**What the task asks**
The required output is the lines from the one with "This is a Dakota" through the end of the data, repeated verbatim, with no pictures included.

*** Opening Records supplied ***

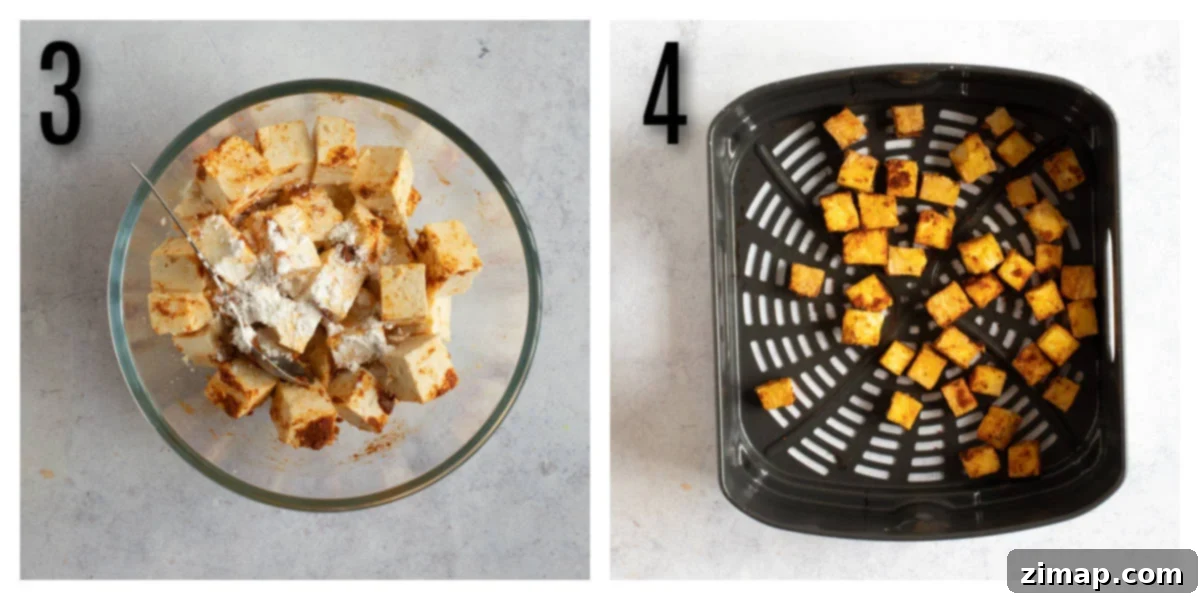 Τραγανό Τόφου Αέρος 7 Tofu cubes in an air fryer basket.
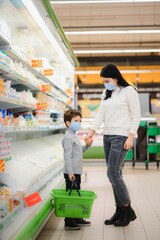 Obraz premium Authentic shot of mother and son wearing medical masks to protect themselves from disease while shopping for groceries together in supermarket.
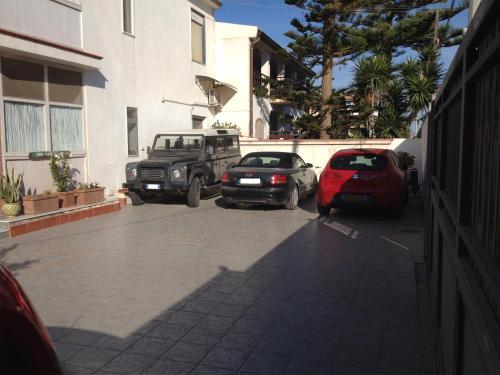 two cars parked in a parking lot next to a building at B&B San Leone in San Leone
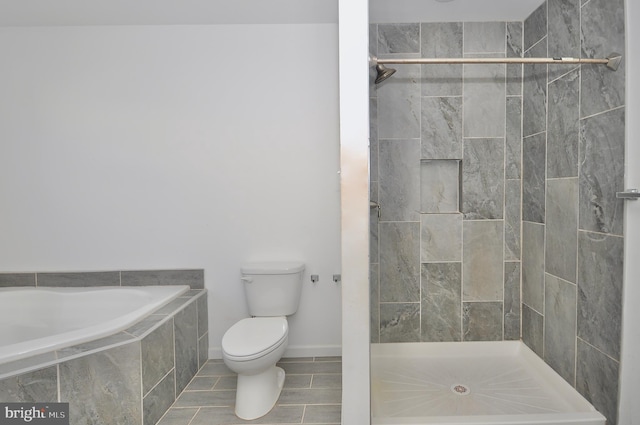 bathroom featuring toilet and shower with separate bathtub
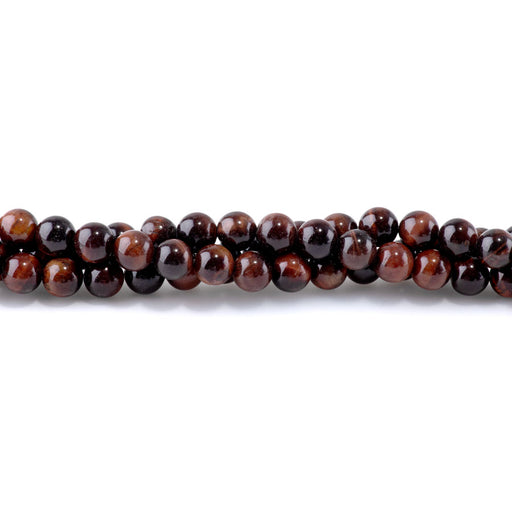 This is a Dakota Stones 8mm Red Tiger Eye Gemstone strand with round beads in 15-16 inch strand.
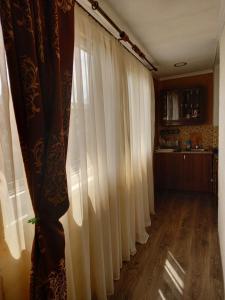 um quarto com cortinas brancas e uma cozinha em Агрба 19/1 Квартира em Pitsunda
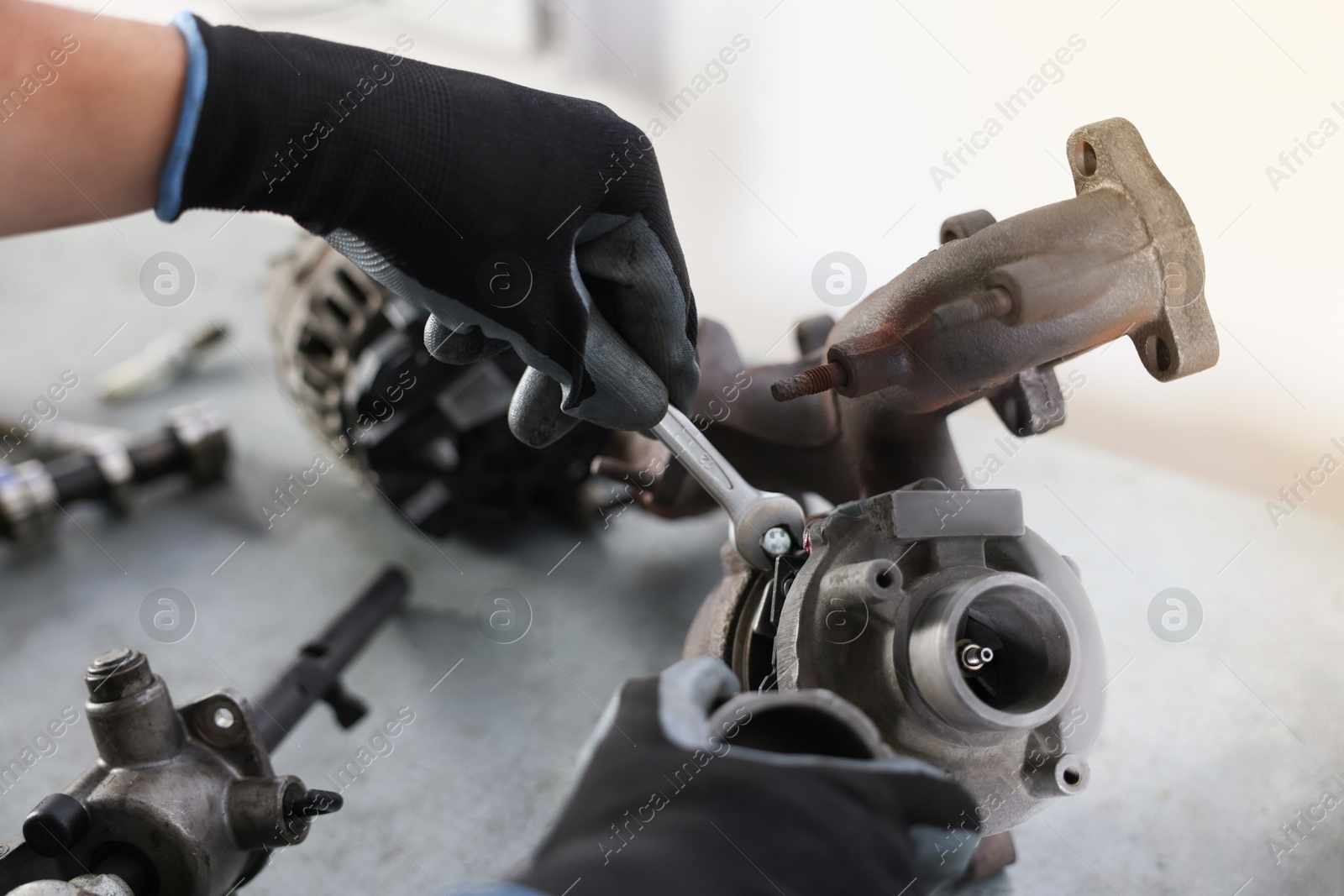 Auto parts. Professional mechanic with wrench fixing turbocharger at grey table indoors, closeup Photo of Auto parts. Professional mechanic with wrench fixing turbocharger at grey table indoors, closeup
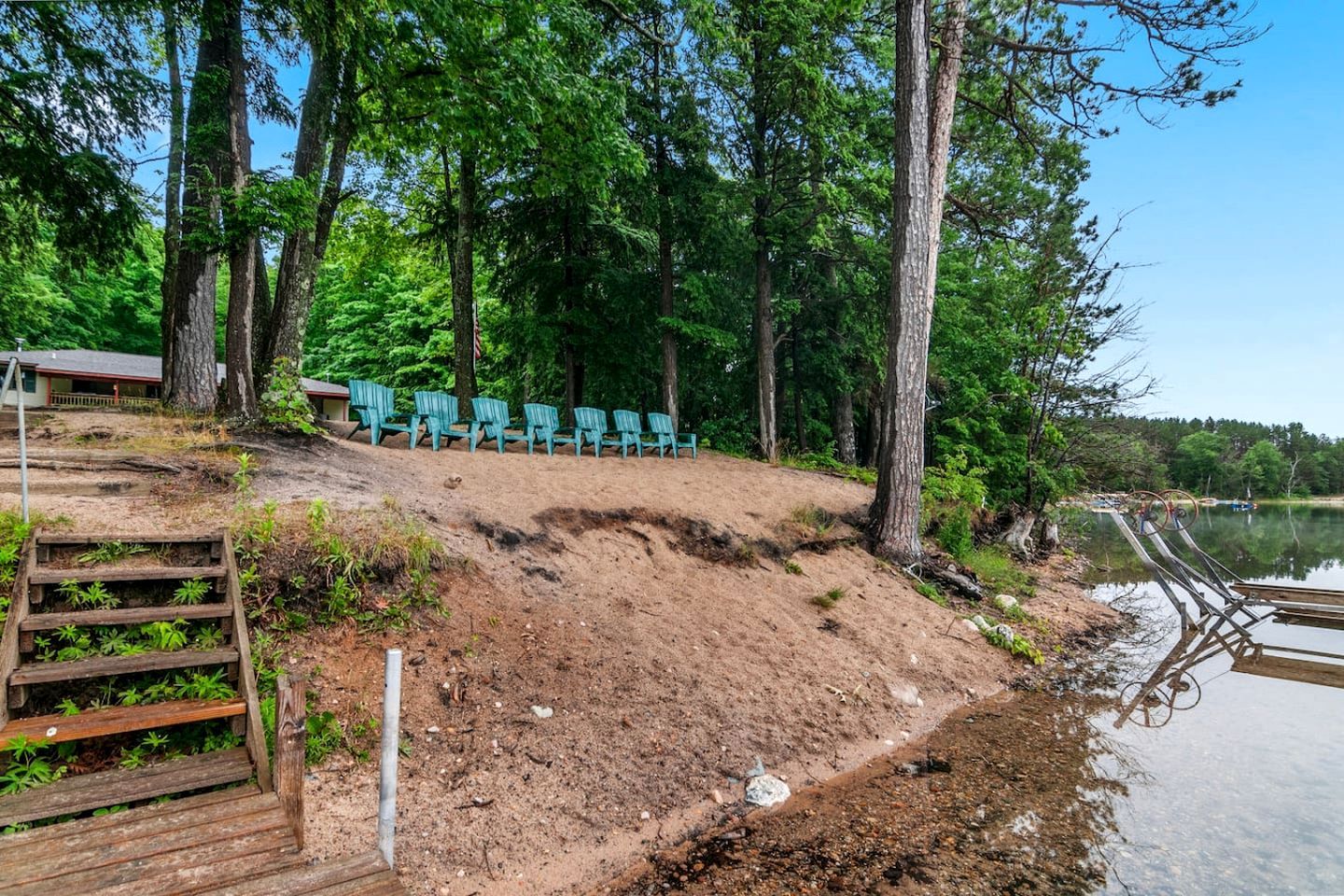 A sandy beach area with wooden steps leading down to the water, surrounded by trees and a row of green chairs.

*** Closing Records supplied ***

**Solution**
 This is a Dakota Stones 8mm Red Tiger Eye Gemstone strand with round beads in 15-16 inch strand.
 um quarto com cortinas brancas e uma cozinha em Агрба 19/1 Квартира em Pitsunda
 Auto parts. Professional mechanic with wrench fixing turbocharger at grey table indoors, closeup Photo of Auto parts. Professional mechanic with wrench fixing turbocharger at grey table indoors, closeup
 A sandy beach area with wooden steps leading down to the water, surrounded by trees and a row of green chairs.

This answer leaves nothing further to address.